REQUIRED WORK:
Although pictures appear in the entries below, leave them out and print exactly the lines from the first line through the line containing "nautical illustration 71528031".

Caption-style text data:
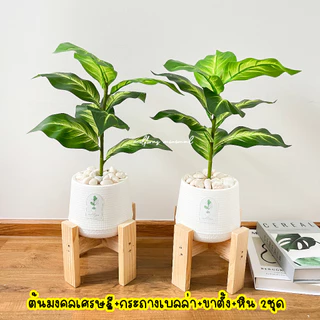 (🔥ส่งด่วน) 1แถม1 ต้นไม้ปลอม ความสูง 40-50 cm. แต่งบ้านพร้อมกระถางใครไม่มีเวลาดูแล ต้องโดนตกนะจ๊ะ ฟรีหินโรย!!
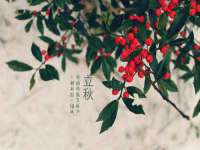 徐州妍默商贸有限公司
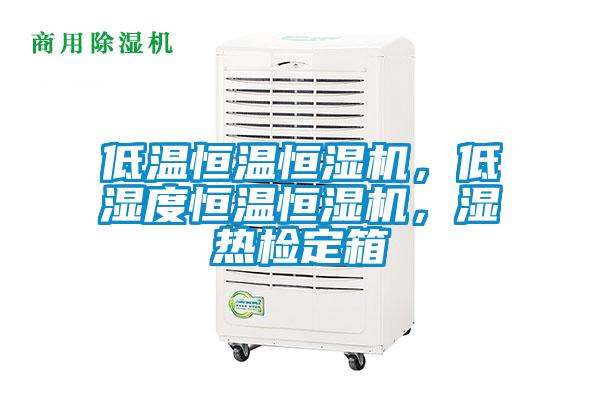 低溫恒溫恒濕機(jī)，低濕度恒溫恒濕機(jī)，濕熱檢定箱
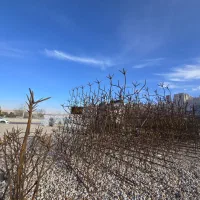 حفاظ گوزنی با جوشکاری روی دیوار نرده پنجره دزدگیر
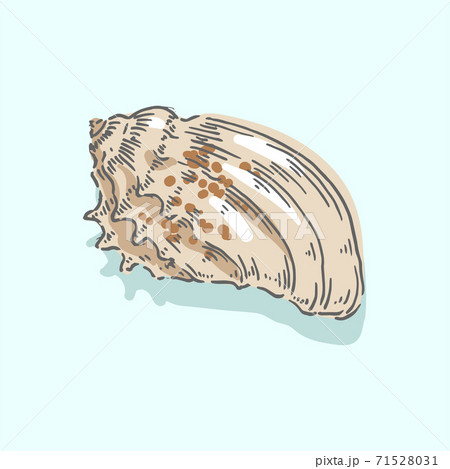 Seashell, shell, sea, mollusk, shellfish, nautical illustration Seashell, shell, sea, mollusk, shellfish, nautical illustration 71528031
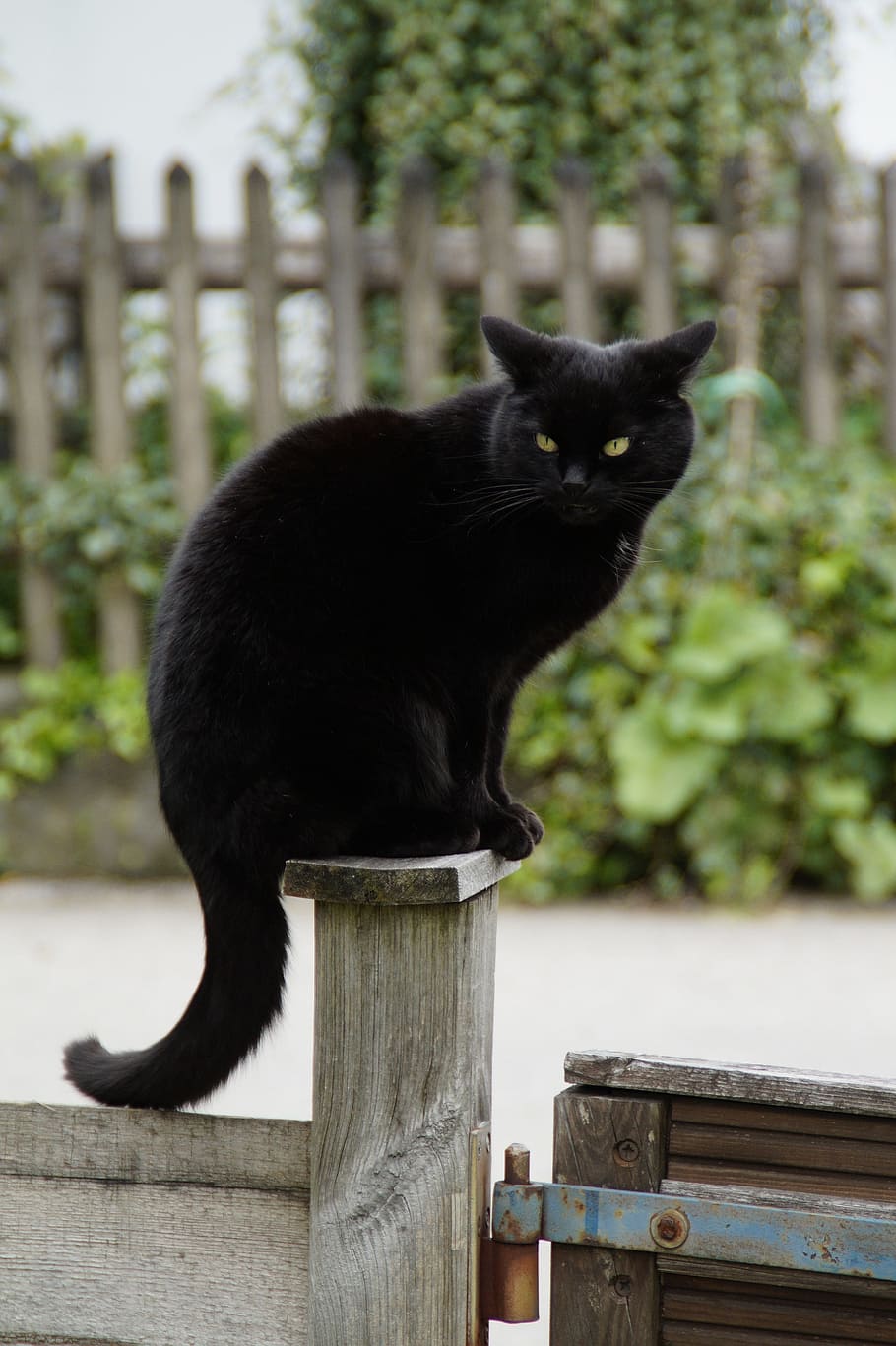 bombay cat, brown, wooden, post, daytime, black cat, fence, cat, black, guard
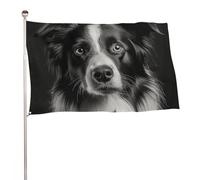 Bandiere 50 x 80 cm Bandiera Esterna Bandiera Giardino Banner Decorazione Bandiere Una Foto di Un Cane Benvenuto Cortile Bandiere 200D Poliestere Resistente Bandiere Grandi per Cortile di Vacanza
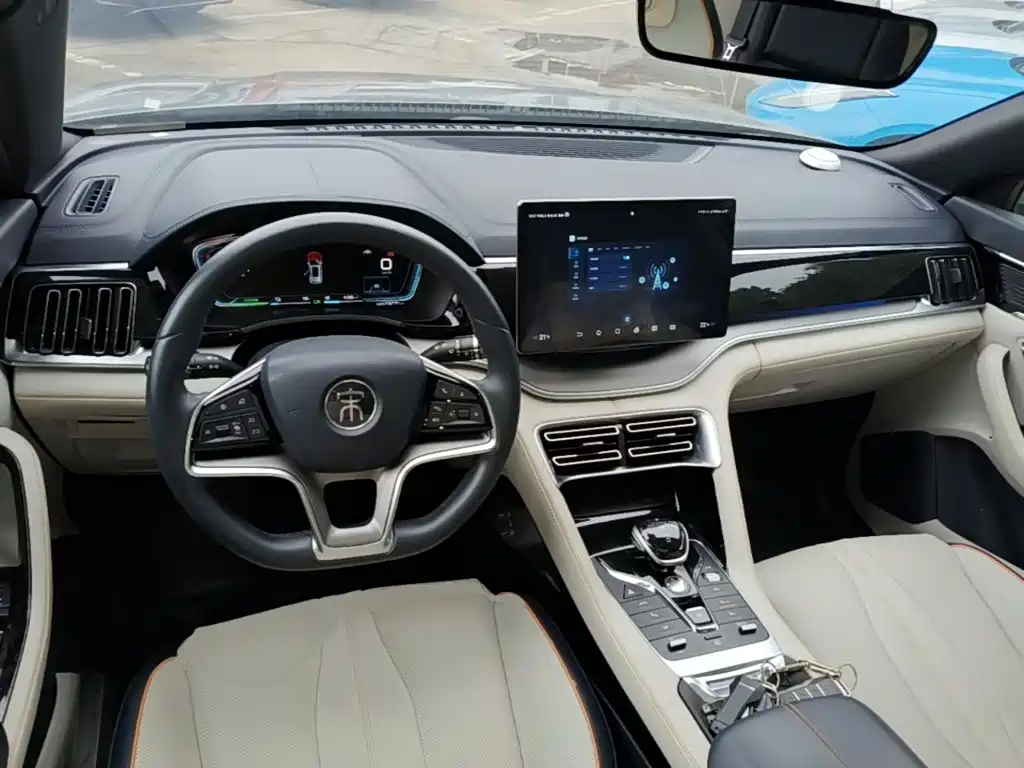 BYD PLUS New Energy — фото 10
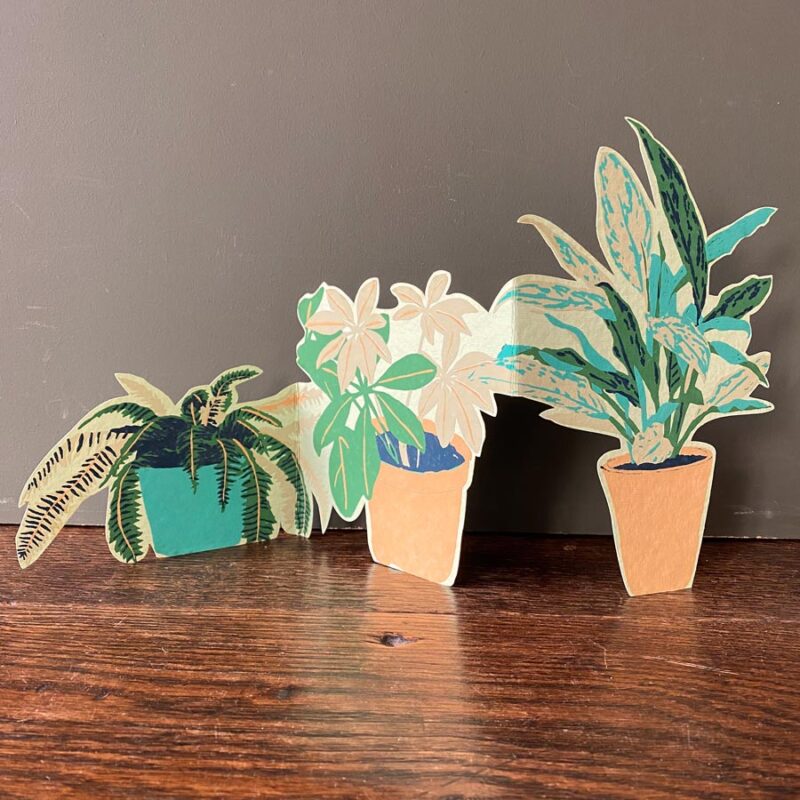 Recycled Paper Pop Out Card - Houseplants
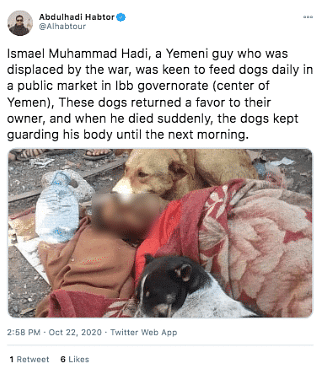 The image shows one Ismael Hadi from Yemen who used to feed dogs regularly.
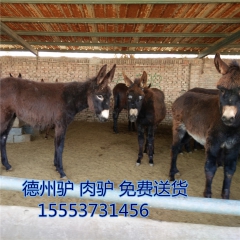沿海地区养什么品种驴比较好  效益好的德州驴苗  多少钱 肉...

REPLY TO THE TASK:
 (🔥ส่งด่วน) 1แถม1 ต้นไม้ปลอม ความสูง 40-50 cm. แต่งบ้านพร้อมกระถางใครไม่มีเวลาดูแล ต้องโดนตกนะจ๊ะ ฟรีหินโรย!!
 徐州妍默商贸有限公司
 低溫恒溫恒濕機(jī)，低濕度恒溫恒濕機(jī)，濕熱檢定箱
 حفاظ گوزنی با جوشکاری روی دیوار نرده پنجره دزدگیر
 Seashell, shell, sea, mollusk, shellfish, nautical illustration Seashell, shell, sea, mollusk, shellfish, nautical illustration 71528031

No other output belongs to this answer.